Causa da morte de voluntário da vacina CoronaVac foi suicídio

Morte de voluntário da vacina CoronaVac foi suicídio. Diretor do Instituto Butantan disse que era impossível relacionar o óbito ao imunizante

De acordo com o boletim de ocorrência registrado às 16h02 de 29 de outubro em uma delegacia da Zona Oeste de São Paulo, policiais militares foram acionados pelo rádio para uma “ocorrência de encontro de cadáver”.

Ao chegarem ao apartamento, uma pessoa mostrou a vítima desmaiada no chão do banheiro com uma seringa perto do braço e diversas ampolas de remédio. O corpo do jovem de 32 anos foi para o Instituto Médico Legal (IML).

Morte do voluntário

Na noite da última segunda-feira, dia 9, o Diretor-geral do Instituto Butantan, Dimas Covas, afirmou que o voluntário morreu, mas disse que o óbito não tinha qualquer relação com a vacina e representantes do governo de São Paulo demonstraram indignação com a medida e defenderam que não há relação entre o evento adverso e o imunizante.

Dimas Covas disse que a suspensão, além de desnecessária, provoca “dor e sofrimento nos voluntários”. 

“Não haveria a necessidade desse tipo de medida, que poderia ser resolvido administrativamente, como foi feito hoje de manhã”, disse Covas.

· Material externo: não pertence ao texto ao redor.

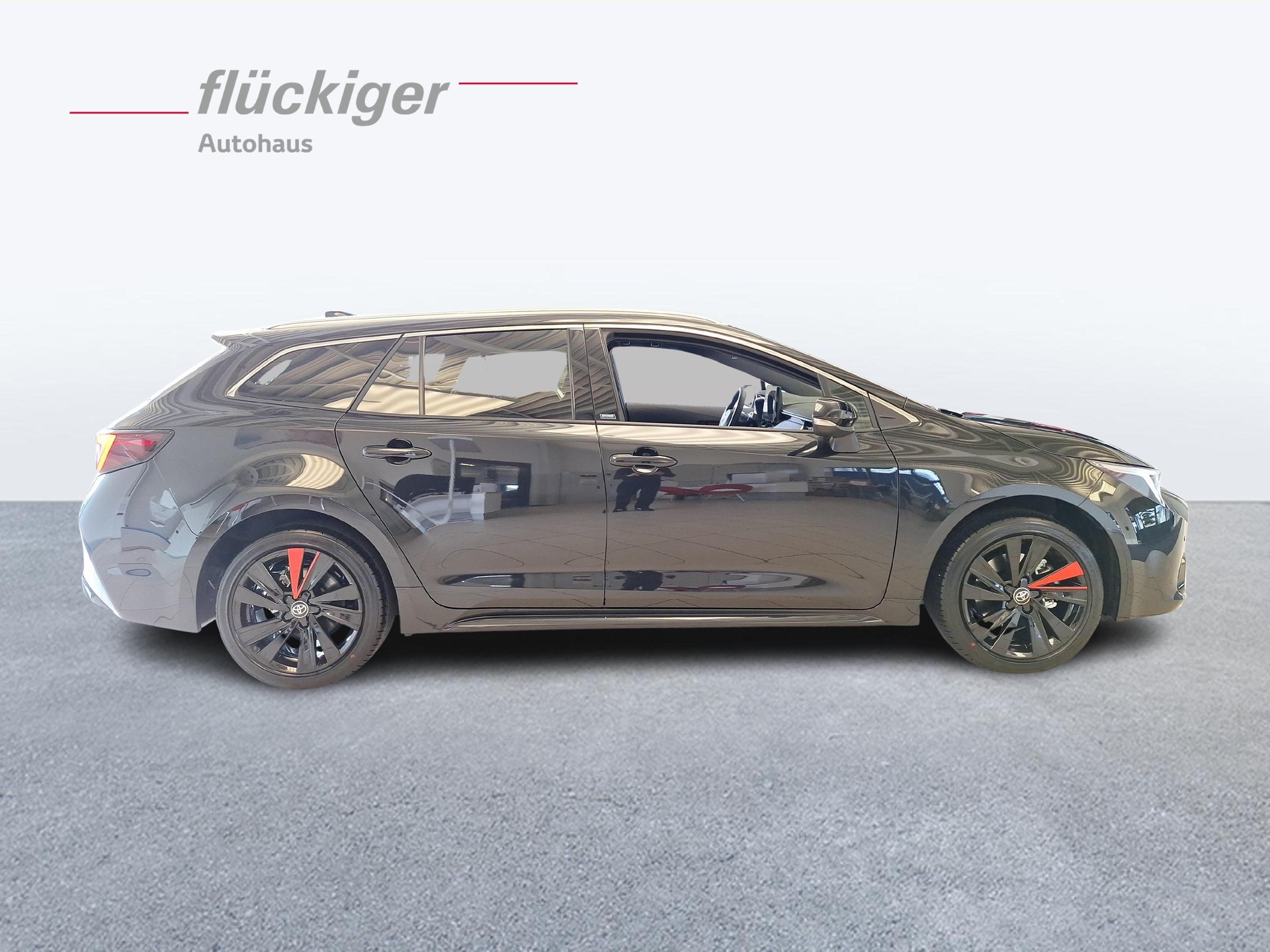 TOYOTA Corolla Touring Sports 2.0 HSD Swiss Edition-image-3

E acrescentou: “Se interromper um estudo clínico que está indo muito bem causa sofrimento, causa dor, causa insegurança, naquelas pessoas que já foram submetidos ao estudo, causa dificuldade naqueles que querem ser submetidos ao estudo e que estão na fila para receber a vacina ou o placebo. Ou seja, são os voluntários, as pessoas que se dedicaram a esse estudo exatamente para trazer a esperança da vacina.”

Anvisa foi notificada no início de novembro

Ainda de acordo com Dimas Covas, a Anvisa foi notificada do evento adverso no voluntário no dia 6 de novembro.

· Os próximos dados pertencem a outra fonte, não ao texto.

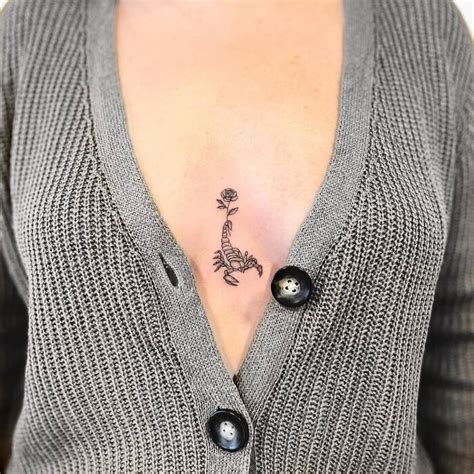 sternum tattoo between breast|The Ultimate Guide to Sternum Tattoos: Meaningful Art and Care。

O diretor criticou o comportamento da Agência e a forma como o Instituto recebeu a notícia da interrupção dos testes.

A expectativa do diretor é a de que, após os esclarecimentos, a Anvisa retome os estudos ainda nesta semana, possivelmente nesta quarta-feira (11).

Comunicado da Sinovac

Nesta terça-feira, dia 10, a Sinovac, farmacêutica chinesa responsável pelo desenvolvimento da CoronaVac, afirmou em comunicado que “está confiante na segurança da vacina” contra a Covid-19.

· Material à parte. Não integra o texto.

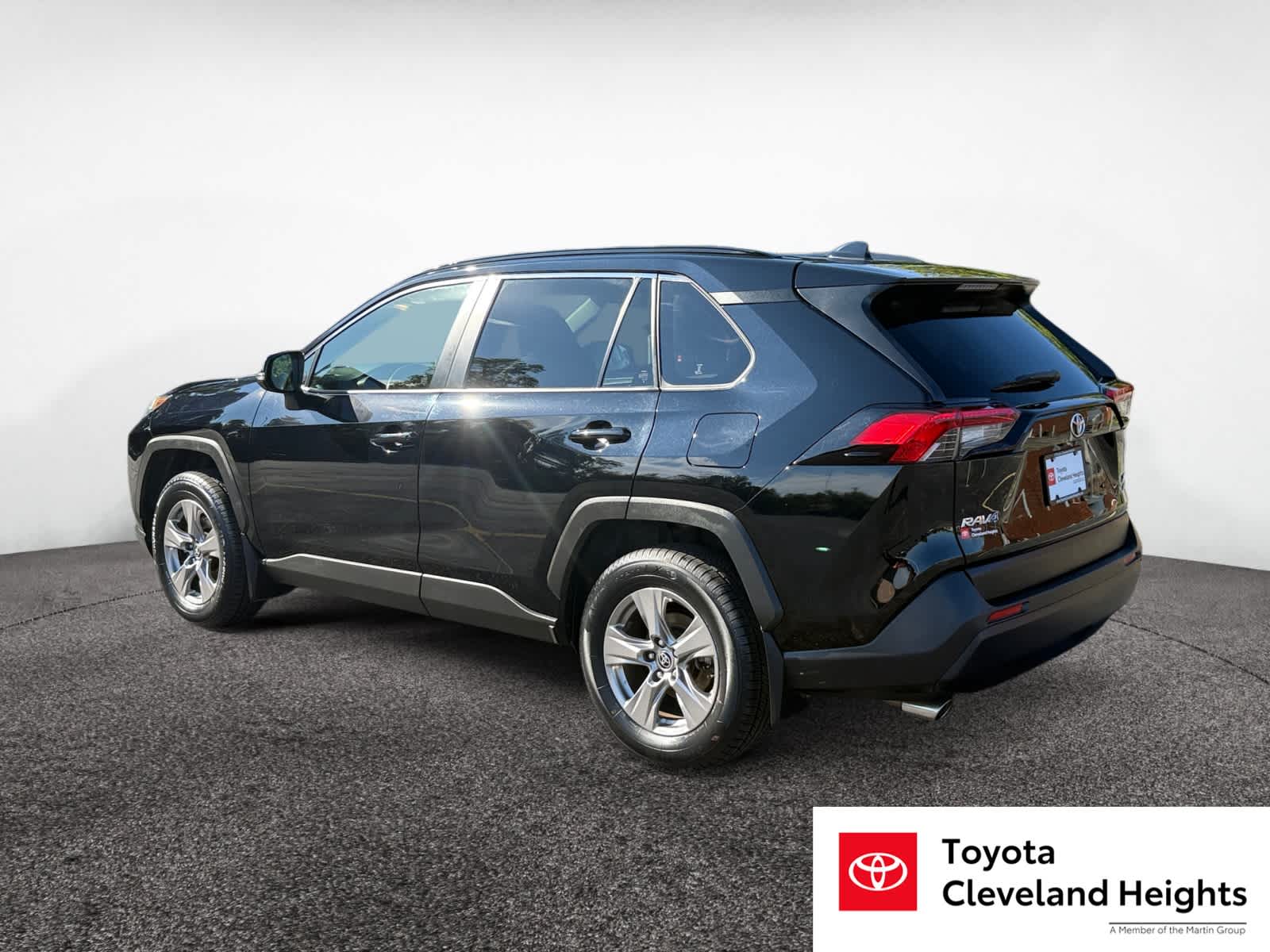 2023 Toyota RAV4 XLE photo 3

Segundo Covas, se trata de “um óbito não relacionado à vacina” e, portanto, “não existe nenhum momento [ou motivo]para interrupção do estudo clínico” da fase 3.

“Em primeiro, a Anvisa foi notificada de um óbito, não de um efeito adverso. Isso é diferente. Nós até estranhamos um pouco essa decisão da Anvisa, porque é um óbito não relacionado à vacina“, afirmou o diretor do Butantan.

O diretor também afirmou que o Butantan já pediu esclarecimentos à Anvisa sobre a interrupção.